First Trimestric Maternal Serum Omentin-1 as an Early Predictor of Preeclampsia

Abstract

PE is multisystem disease unique to human pregnancy affecting 5% to 10% of pregnancies and resolving by 6-12 weeks postpartum in a previous normotensive woman. PE is a major cause of maternal and neonatal morbidity and mortality. Although the pathogenesis of PE remains unclear, the syndrome is characterized by impaired trophoblastic invasion of the spiral artery at 16-20 weeks of pregnancy resulting in the release of factors from the placenta that activates the maternal vascular endothelium. Locally acting angiogenic factors like PIGF regulate the development of the placental villi during early gestation, which involves branching angiogenesis of immature intermediate villous vessels. This is essential for establishing placental blood circulation in a physiological environment of low oxygen tension. Furthermore to stimulate cytotrophoblast proliferation, inhibit trophoblast invasion and promote endothelial cell mitosis.

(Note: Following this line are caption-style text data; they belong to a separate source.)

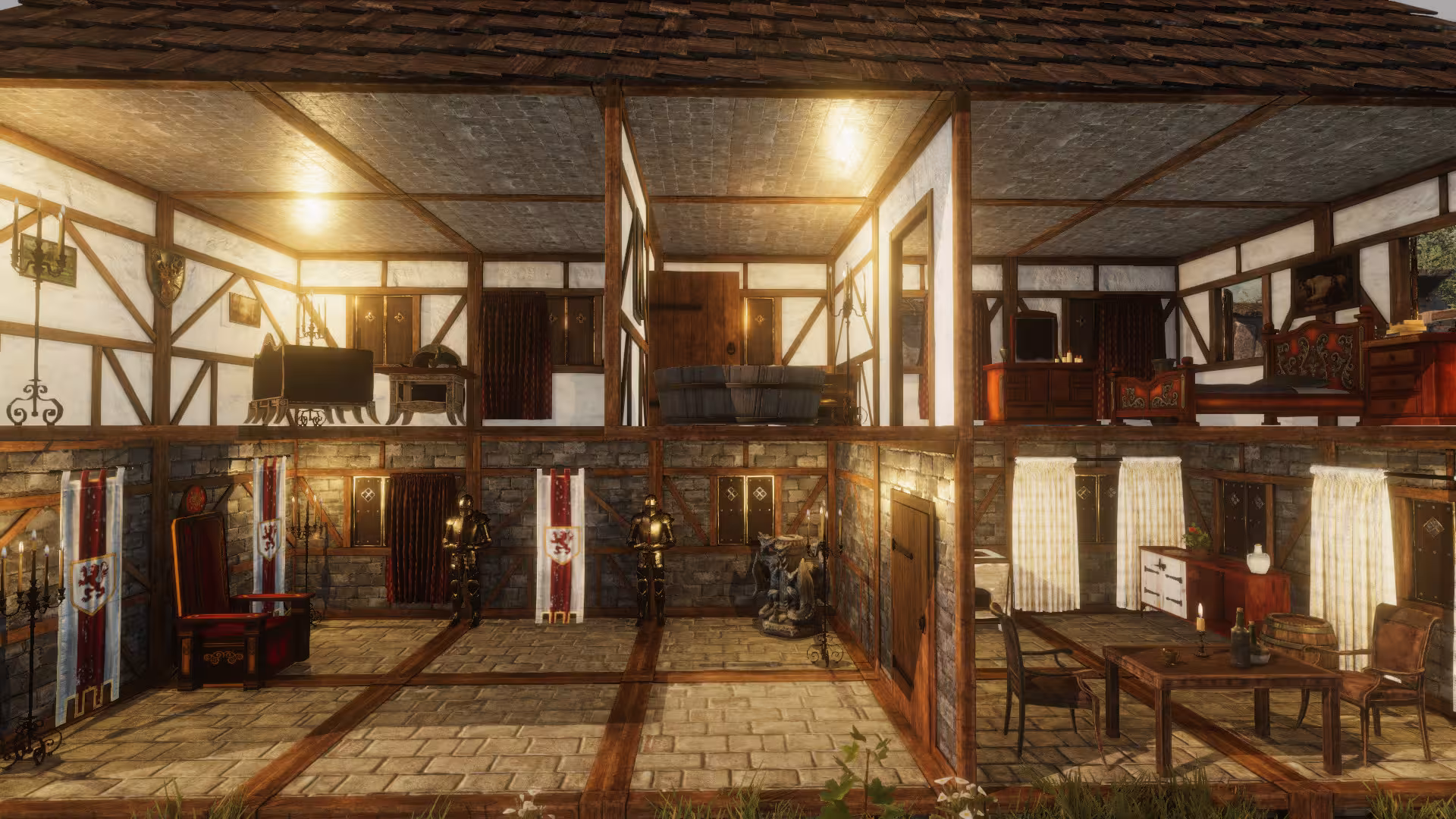 城堡脚蹼/城堡达人/Castle Flipper-1 城堡脚蹼/城堡达人/Castle Flipper-1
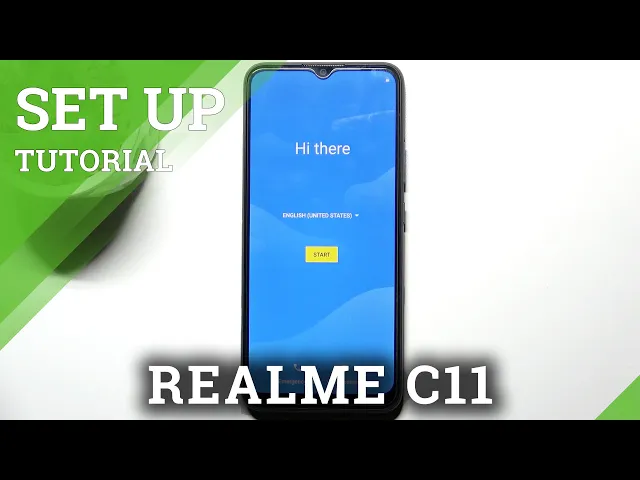 Video thumbnail for How to Initial Set Up REALME C11 (2021) – First Activation & Configuration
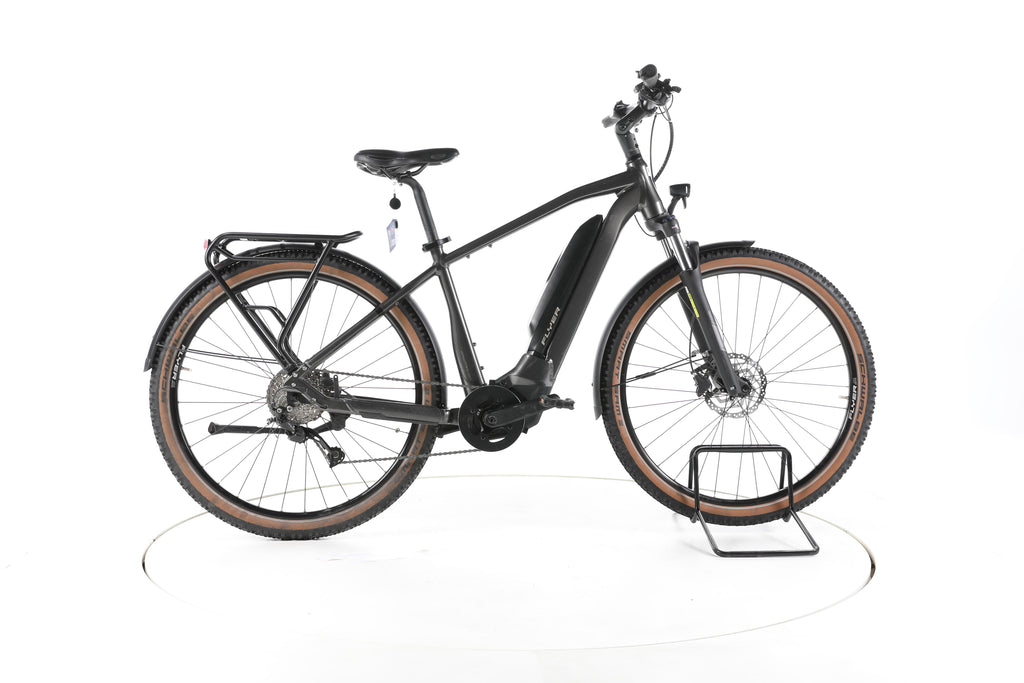 FLYER Upstreet5 3.12 Trekking E-Bike - Image 1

All these factors are essential to ensure a normal pregnancy outcome. Omentin has been shown to act as an anti-inflammatory mediator and in one study has been shown to inhibit TNF-induced vascular inflammation in human endothelial cells. In another report, omentin also inhibited TNF-a-induced vascular cell adhesion molecule-1 expression by preventing the activation of p38 and JNK at least in part through the inhibition of superoxide production. In addition, serum omentin-1 concentrations have been shown to be negatively correlated with concentrations of inflammatory molecules including TNF-a, IL-6 and C-reactive protein. Taken together, these results suggest that omentin may play a role in the process of anti-inflammation. Given that inflammation may have a potential role in preeclampsia, omentin-1 may be therefore involved in the development of preeclampsia via the inhibitory function of the inflammatory pathway. The aim of this study was to evaluate the accuracy of serum omentin 1 in prediction of PE.